• Your objective
Repeat the lines of the data exactly and exclude any picture among them.

• Material for the task
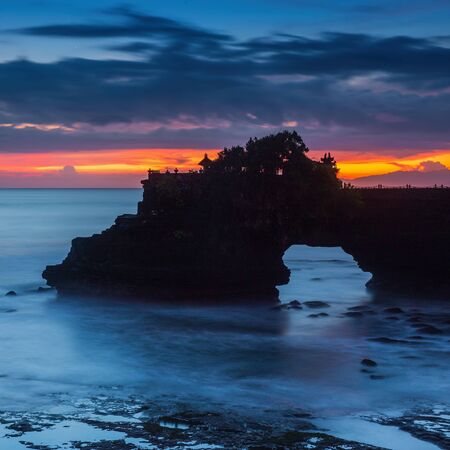 Sunset at Batu Bolong & Tanah Lot - Bali, Indonesiaの写真素材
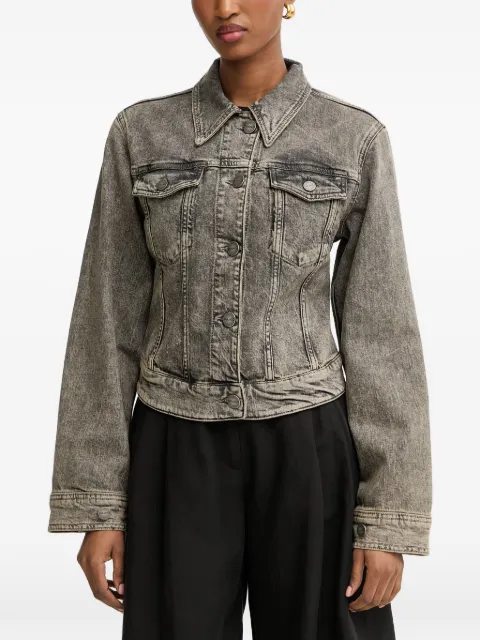 PINKO acid-wash buckle-detail denim jacket Grey 106388A34Y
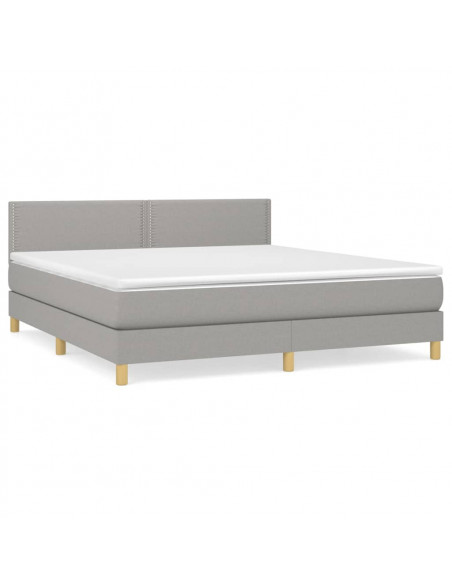 Giroletto a Molle con Materasso Grigio Chiaro160x200 cm Tessuto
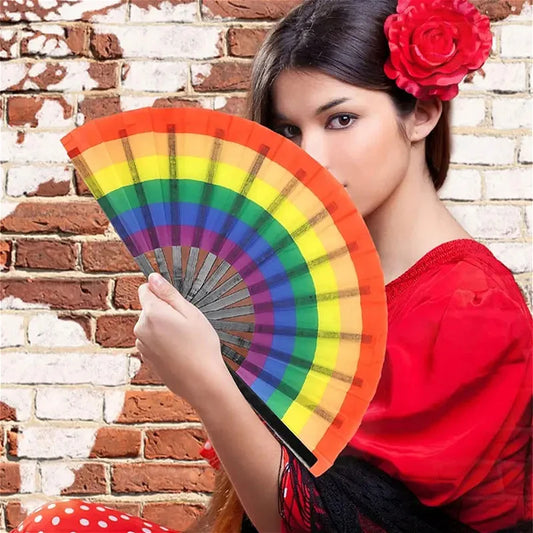 Rainbow Folding Fan – Dance, Wedding & Cosplay Prop Decorative Folding Fan Peaceful Pleasures Health and Wellness
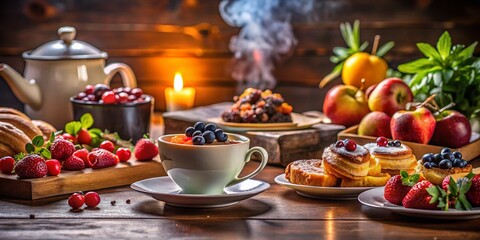 Delicious Low-Light Breakfast: Coffee & Fresh Food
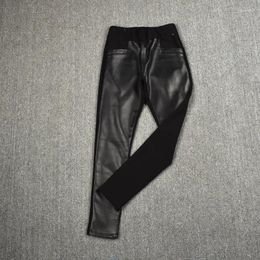Women's Pants Women Winter For Trousers High Waist Korean Slim Fashion Patchwork Pencil Genuine Leather Sheepskin Y3072
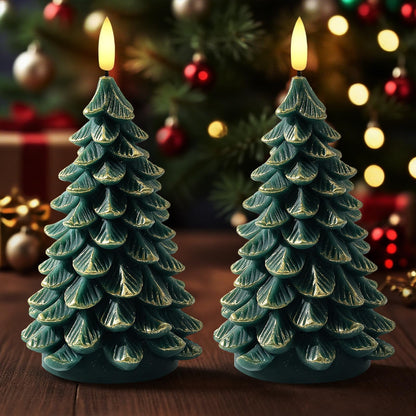 Christmas Decorations Indoor, Christmas Decor - Christmas Tree Candles Battery Operated, Flameless LED Candle Lights with 6H Timer, Xmas Home Decor, Set of 2(Green)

• Exercise solution
 Sunset at Batu Bolong & Tanah Lot - Bali, Indonesiaの写真素材
 PINKO acid-wash buckle-detail denim jacket Grey 106388A34Y
 Giroletto a Molle con Materasso Grigio Chiaro160x200 cm Tessuto
 Rainbow Folding Fan – Dance, Wedding & Cosplay Prop Decorative Folding Fan Peaceful Pleasures Health and Wellness
 Delicious Low-Light Breakfast: Coffee & Fresh Food
Women's Pants Women Winter For Trousers High Waist Korean Slim Fashion Patchwork Pencil Genuine Leather Sheepskin Y3072
 Christmas Decorations Indoor, Christmas Decor - Christmas Tree Candles Battery Operated, Flameless LED Candle Lights with 6H Timer, Xmas Home Decor, Set of 2(Green)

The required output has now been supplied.